The risk that sanctions overreach will ultimately drive business activity from the U.S. financial system could become more acute if alternatives to the United States as a center of financial activity, and to the U.S. dollar as the world’s preeminent reserve currency, assume a larger role in the global financial system.  Global norms are hard to reshape, existing alternatives are not well positioned to fully fill the role of U.S. markets and the U.S. dollar, and there are many factors that will continue to make the United States the most attractive financial system in the world. But our central role must not be taken for granted. If foreign jurisdictions and companies feel that we will deploy sanctions without sufficient justification or for inappropriate reasons — secondary sanctions in particular — we should not be surprised if they look for ways to avoid doing business in the United States or in U.S. dollars. And the more we condition use of the dollar and our financial system on adherence to U.S. foreign policy, the more the risk of migration to other currencies and other financial systems in the medium-term grows.  Such outcomes would not be in the best interests of the United States for a host of reasons, and we should be careful to avoid them. (Emphasis added.)

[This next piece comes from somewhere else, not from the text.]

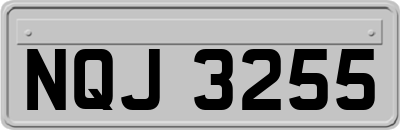 NQJ3255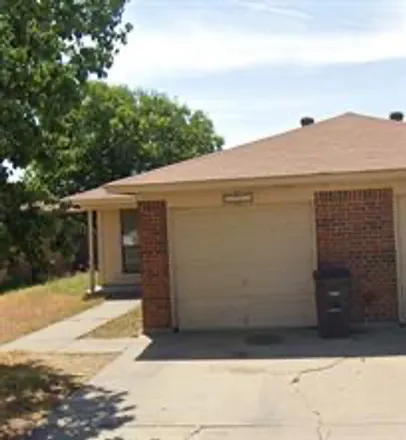 Image 1 - 3715 Hulen Park Circle - House for rent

Lew is not issuing idle warnings here. Both China and Russia are trying to devise ways to hedge their reliance on the dollar. The reckless use of financial sanctions will only exacerbate that trend.

Lew’s deeper point is one that should be noted in some presidential campaigns: Every policy action can trigger reactions that undercut the ability to take action in the future. It is easy, when focusing on crisis bargaining, to forget that there’s a lot more to foreign policy than such crises. Actions that might yield short-term policy gains can undercut the foundation that enables the United States to advance its interests in the long run. An excessive and capricious reliance on financial sanctions would seriously erode U.S. power over time.

On Tuesday, I wrote about how difficult it is for policymakers to craft a strategic outlook when the day-to-day management of foreign policy overwhelms them. So credit where it’s due: Lew’s speech is a good jumping-off point for a serious strategic debate about the trade-offs that come with economic sanctions. There needs to be even more debate about the best guidelines for the conditions under which the United States should apply and lift economic sanctions.